We took away four key points from Meta Connect 2022

Meta Connect 2022 was fundamentally different to last year’s event; Meta focused on establishing its credibility with real-world products and revenue streams and clear market segmentation.

  • Meta prioritised making messages understandable and credible for investors. It emphasised the developer revenue success stories in the Quest Store and focused on known verticals with associated dollar values: gaming and enterprise IT. It is looking to provide certainty to investors to gain stability.
  • Its partnership with Microsoft adds credibility to its claim that it is aiming for the metaverse to be an open and collaborative ecosystem. Meta announced the porting of Office 365 and Teams to the Quest series, which also helps to strengthen its enterprise IT narrative.
  • Meta has now segmented its VR/AR device product lines so that they are clearly aligned to different target segments:
    • the Quest headset primarily targets gamers
    • the newly announced Quest Pro is primarily aimed at the enterprise market (and secondarily at remote workers and higher-income individuals that spend money on technology)
    • Ray-Ban Stories are tailored for AR applications.
  • Meta demonstrated its improvements to avatars in order to help capture people’s imaginations and show that not all virtual worlds will necessarily look like Roblox. It presented a photo-realistic avatar using its Instant Avatar technology, though its limited number of facial expressions means that there is more work to do. However, as a prototype, it showed some of what is possible in the near-term. Meta also demonstrated its new Codec Avatar, which is a long way from commercial deployment but showed impressive levels of photo realism.

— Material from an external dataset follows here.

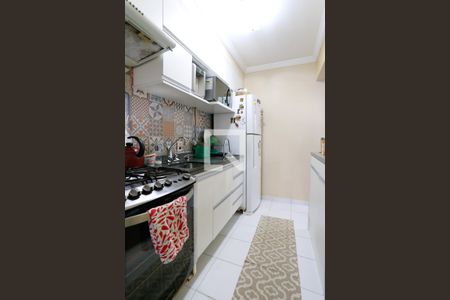 Apartamento à venda com 87m², 3 quartos e 2 vagasCozinha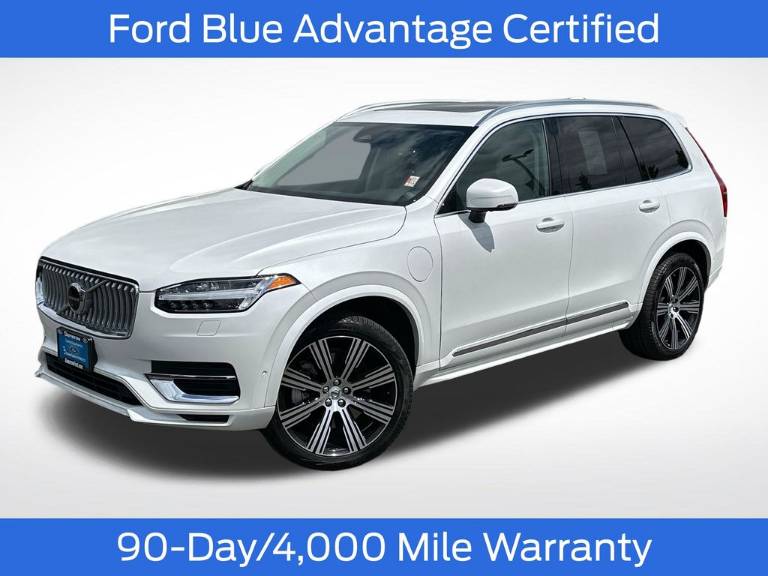 2025 Volvo XC90 Plug-In Hybrid T8 Plus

It will still be a long time until the metaverse becomes as commonplace as other Meta apps such as Facebook, Instagram and WhatsApp, despite the progress shown at Meta Connect. However, momentum is building and we expect that the metaverse or equivalent technologies and ‘worlds’ will become mainstream in the long term (though not within the next 2–3 years).

Meta’s announcements covered six key areas of the metaverse ecosystem

In our report, Metaverse strategies: case studies and analysis, we posit that the various aspects of the metaverse ecosystem can be grouped into three categories and ten sub-categories (Figure 1). No single player needs to excel in all aspects in order to be successful, but Meta has notable activities in almost all sub-categories.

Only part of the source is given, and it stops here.